REQUIREMENT:
Without including any pictures, retype exactly the lines from the top of the records through the line containing "[hiiro]① OC. person", that final line included.

WORKING DATA Start Marker

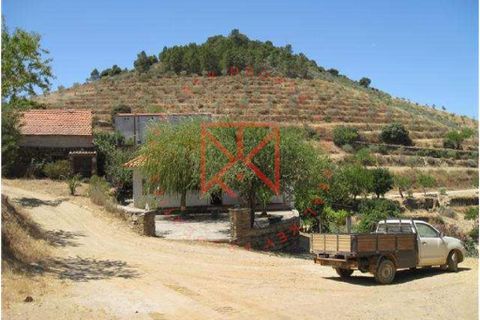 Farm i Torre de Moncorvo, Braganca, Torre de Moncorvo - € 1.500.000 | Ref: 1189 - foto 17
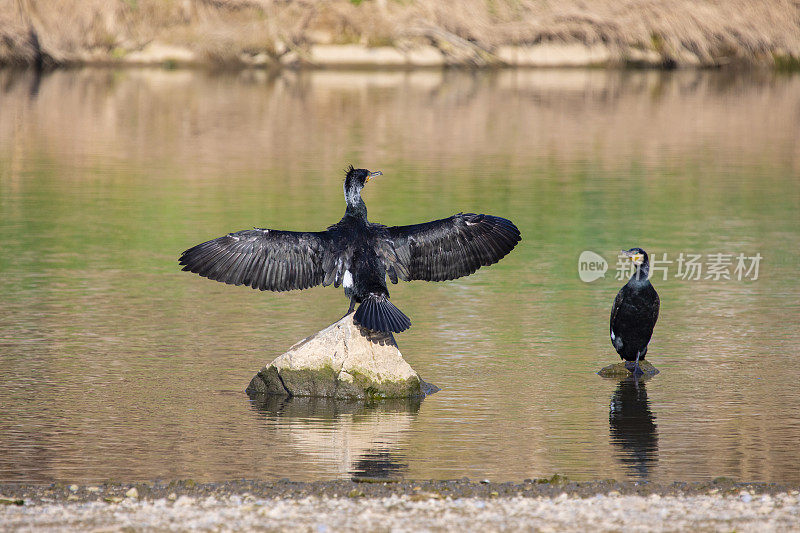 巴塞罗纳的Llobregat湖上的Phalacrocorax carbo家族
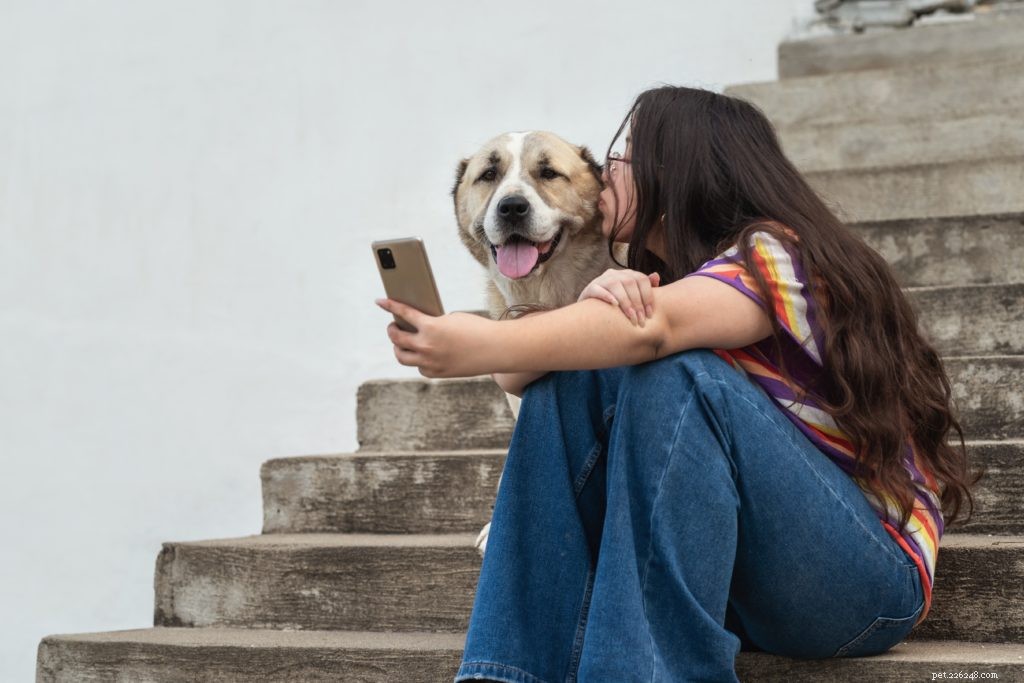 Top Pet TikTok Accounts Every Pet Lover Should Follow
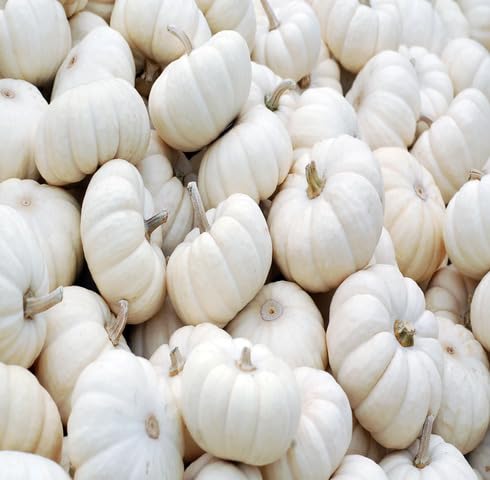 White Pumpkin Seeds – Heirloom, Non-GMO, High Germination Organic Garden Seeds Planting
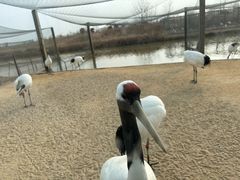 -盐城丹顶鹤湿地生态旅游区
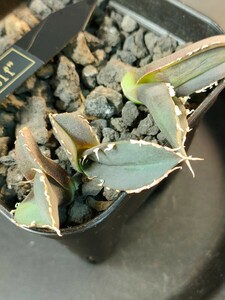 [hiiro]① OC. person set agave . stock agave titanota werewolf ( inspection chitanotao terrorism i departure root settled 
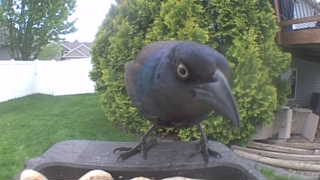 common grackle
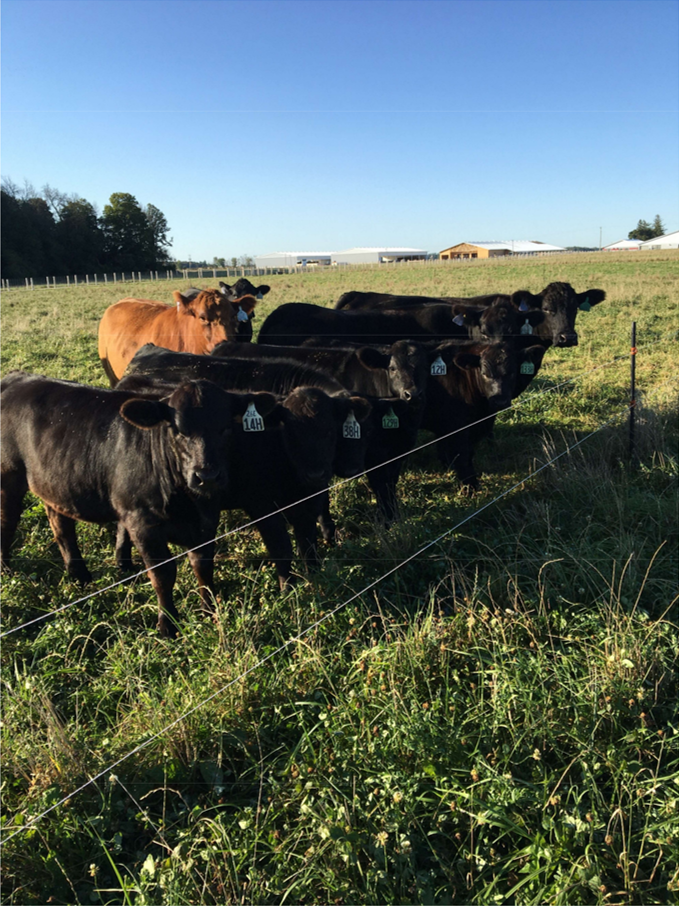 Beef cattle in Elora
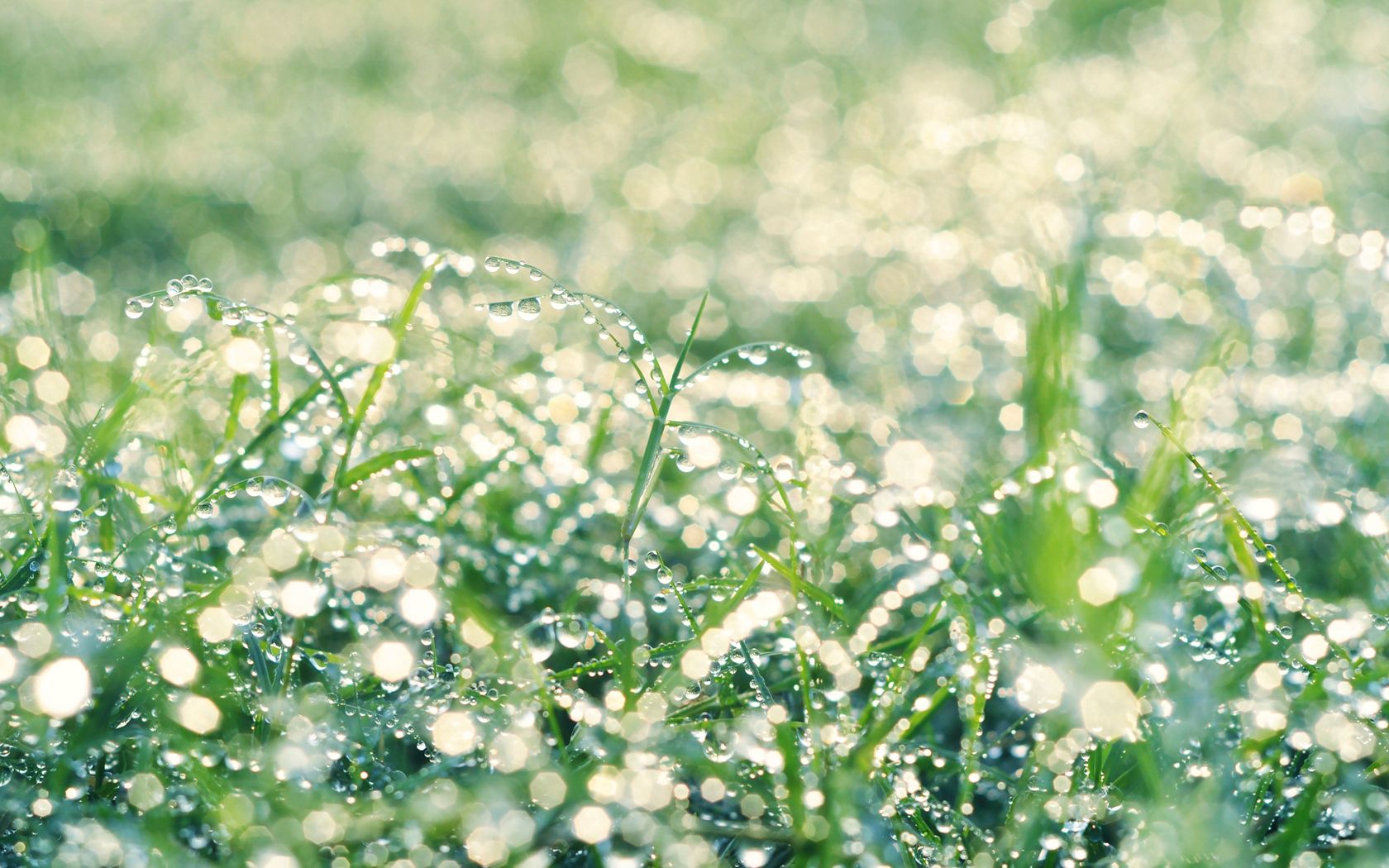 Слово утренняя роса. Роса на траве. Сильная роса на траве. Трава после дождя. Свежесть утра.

WORKING DATA End Marker

RESPONSE TO THIS TASK:
 Farm i Torre de Moncorvo, Braganca, Torre de Moncorvo - € 1.500.000 | Ref: 1189 - foto 17
 巴塞罗纳的Llobregat湖上的Phalacrocorax carbo家族
 Top Pet TikTok Accounts Every Pet Lover Should Follow
 White Pumpkin Seeds – Heirloom, Non-GMO, High Germination Organic Garden Seeds Planting
 -盐城丹顶鹤湿地生态旅游区
 [hiiro]① OC. person set agave . stock agave titanota werewolf ( inspection chitanotao terrorism i departure root settled 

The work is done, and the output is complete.